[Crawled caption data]
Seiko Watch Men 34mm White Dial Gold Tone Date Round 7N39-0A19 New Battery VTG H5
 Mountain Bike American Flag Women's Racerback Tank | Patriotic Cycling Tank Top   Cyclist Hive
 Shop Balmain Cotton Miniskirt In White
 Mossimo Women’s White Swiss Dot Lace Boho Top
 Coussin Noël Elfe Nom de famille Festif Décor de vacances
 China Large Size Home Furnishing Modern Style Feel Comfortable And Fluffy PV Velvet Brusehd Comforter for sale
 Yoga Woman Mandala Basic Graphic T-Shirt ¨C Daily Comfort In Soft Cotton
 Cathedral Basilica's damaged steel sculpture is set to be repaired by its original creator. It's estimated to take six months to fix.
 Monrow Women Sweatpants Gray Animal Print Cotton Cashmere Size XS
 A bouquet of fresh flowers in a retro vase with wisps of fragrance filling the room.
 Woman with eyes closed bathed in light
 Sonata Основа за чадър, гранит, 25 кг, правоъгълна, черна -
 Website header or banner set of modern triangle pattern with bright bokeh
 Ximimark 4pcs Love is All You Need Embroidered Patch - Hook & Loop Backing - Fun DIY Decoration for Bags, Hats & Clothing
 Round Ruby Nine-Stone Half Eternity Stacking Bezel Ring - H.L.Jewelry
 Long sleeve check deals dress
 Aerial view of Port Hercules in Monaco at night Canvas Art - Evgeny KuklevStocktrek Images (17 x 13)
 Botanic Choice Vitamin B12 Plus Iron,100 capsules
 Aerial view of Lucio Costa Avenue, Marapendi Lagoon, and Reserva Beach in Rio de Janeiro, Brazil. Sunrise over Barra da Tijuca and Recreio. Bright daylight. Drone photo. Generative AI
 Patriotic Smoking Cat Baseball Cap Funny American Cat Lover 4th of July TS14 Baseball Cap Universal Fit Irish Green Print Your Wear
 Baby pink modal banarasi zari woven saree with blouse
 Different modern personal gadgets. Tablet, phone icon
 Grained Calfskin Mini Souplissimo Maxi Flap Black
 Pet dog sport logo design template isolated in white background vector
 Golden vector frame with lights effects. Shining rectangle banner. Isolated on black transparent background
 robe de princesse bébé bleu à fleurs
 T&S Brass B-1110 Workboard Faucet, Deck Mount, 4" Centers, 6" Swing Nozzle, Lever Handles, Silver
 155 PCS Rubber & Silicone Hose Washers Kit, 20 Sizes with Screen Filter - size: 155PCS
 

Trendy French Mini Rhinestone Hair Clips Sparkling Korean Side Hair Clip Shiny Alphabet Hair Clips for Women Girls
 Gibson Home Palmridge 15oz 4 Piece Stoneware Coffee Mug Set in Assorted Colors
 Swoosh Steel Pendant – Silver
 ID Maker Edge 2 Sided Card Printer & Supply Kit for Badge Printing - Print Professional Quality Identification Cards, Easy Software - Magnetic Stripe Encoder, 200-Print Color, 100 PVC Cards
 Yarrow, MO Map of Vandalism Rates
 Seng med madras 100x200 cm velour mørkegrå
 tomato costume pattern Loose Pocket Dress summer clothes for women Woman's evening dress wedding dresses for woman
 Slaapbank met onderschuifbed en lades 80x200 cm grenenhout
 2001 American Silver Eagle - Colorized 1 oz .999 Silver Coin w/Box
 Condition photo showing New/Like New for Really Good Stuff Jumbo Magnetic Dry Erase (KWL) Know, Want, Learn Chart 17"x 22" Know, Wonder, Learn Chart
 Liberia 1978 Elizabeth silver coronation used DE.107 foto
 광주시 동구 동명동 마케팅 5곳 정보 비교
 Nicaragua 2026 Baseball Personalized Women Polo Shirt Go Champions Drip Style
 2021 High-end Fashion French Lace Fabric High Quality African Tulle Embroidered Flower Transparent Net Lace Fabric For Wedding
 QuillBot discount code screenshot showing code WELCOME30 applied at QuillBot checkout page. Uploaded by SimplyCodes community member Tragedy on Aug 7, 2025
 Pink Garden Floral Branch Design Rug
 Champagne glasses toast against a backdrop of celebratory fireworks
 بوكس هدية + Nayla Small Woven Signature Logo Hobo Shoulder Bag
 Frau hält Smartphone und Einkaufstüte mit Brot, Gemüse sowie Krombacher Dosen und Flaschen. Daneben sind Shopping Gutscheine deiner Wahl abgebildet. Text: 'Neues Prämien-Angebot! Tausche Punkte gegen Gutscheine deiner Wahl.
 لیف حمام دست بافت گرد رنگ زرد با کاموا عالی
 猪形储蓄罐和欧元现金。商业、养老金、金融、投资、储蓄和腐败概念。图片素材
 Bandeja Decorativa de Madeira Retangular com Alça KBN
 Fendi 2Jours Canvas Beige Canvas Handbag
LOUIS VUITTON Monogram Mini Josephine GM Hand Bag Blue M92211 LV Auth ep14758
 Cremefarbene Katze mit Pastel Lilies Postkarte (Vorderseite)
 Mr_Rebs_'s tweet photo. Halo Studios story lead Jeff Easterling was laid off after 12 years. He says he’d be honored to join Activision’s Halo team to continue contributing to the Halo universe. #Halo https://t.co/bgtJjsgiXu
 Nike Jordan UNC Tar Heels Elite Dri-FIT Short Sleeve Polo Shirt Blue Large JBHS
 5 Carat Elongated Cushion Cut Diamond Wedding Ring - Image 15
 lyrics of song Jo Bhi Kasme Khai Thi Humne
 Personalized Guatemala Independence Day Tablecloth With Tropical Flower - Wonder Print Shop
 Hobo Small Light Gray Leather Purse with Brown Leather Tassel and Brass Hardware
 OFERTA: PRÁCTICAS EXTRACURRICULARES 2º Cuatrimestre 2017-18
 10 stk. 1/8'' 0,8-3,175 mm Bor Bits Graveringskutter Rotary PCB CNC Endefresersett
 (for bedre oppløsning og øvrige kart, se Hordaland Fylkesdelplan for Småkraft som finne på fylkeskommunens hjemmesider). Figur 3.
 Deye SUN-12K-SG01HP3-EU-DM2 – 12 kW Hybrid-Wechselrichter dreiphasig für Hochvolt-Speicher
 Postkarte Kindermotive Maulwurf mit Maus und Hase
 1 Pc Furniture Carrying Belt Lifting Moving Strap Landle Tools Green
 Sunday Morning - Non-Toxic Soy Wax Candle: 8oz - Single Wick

**Description of the task:** Give only the number of lines in the entries above that hold the string "vector".

**Answer to the exercise:** 2